The Associated Students of CSU organized the forum to address issues that senators said are causing a disjointed atmosphere in the web of student organizations at CSU — which numbers over 300.
Some of the student leaders said that ASCSU, while willing to cut checks to sponsor events and support causes affecting the organizations, doesn’t fully support the organizations’ efforts to increase awareness of special interests because the signing of the check is generally the last they hear from student government.
Marlon Blake, president of Black Definition, a group devoted to expressing the views of the black community at CSU that organized more than $40,000 worth of awareness events during Black History Month, said he was grateful for the money that ASCSU donated, but that it is critically important for student government representatives to actually show up to the event.
“I think that one thing ASCSU can do is say, ‘don’t just put our name on the poster and you’re cool.'” Blake said. “Yeah, you gave us the money, (but) there’s no real collaboration.”
ASCSU Sen. Taylor Smoot, who organized the forum, echoed Blake’s sentiment, saying that when an organization donates money to a cause, it is then their responsibility to put further effort toward the cause they are promoting.
“If you really want to support people, it’s not just about writing a check,” he said. “The administration should show up and take the front row.”
Smoot said the current system is broken and needs more communication, or it will go stagnate.
“With outreach, it’s just a good old boy’s club,” he said.
Another concern voiced during the meeting was that there seems to be no feasible forum for student organizations to network with each other.
But Student Leadership Involvement and Community Engagement officials said there are plenty of resources available through their offices that are underutilized.

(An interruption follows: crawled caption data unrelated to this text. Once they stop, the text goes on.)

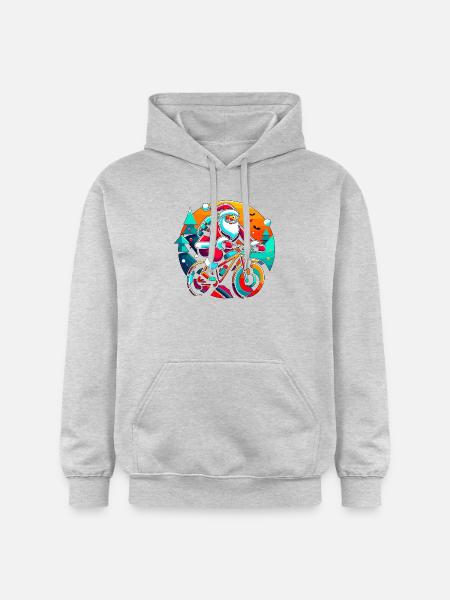 Santa Neon Fahrradtour - Gildan Unisex Softstyle® Midweight Hoodie - Hellgrau meliert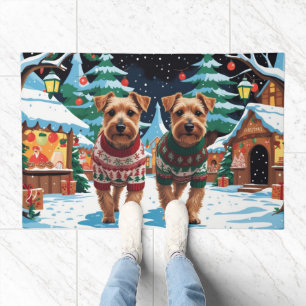Biewer Terrier Dogs Christmas Snow Holiday Doormat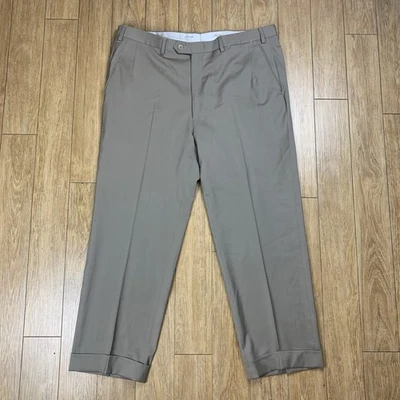 Pantalones de vestir Brioni para hombre 38x27 caqui tostado plisado pantalones de lana hechos en Italia Foto 1 de 4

Deanna Leone, the program coordinator for SLiCE, said some of the older organizations make good use of the resources available, such as grants and online forums to organize efforts.
But the newer organizations, led by students who are less familiar with the university, don’t utilize SLiCE’s office on a regular basis, she said.
“I do think that there are newer organizations that aren’t familiar with us,” she said.
Blake Gibson, president of the Associated Students of Colorado, said students need to have a common goal to work together.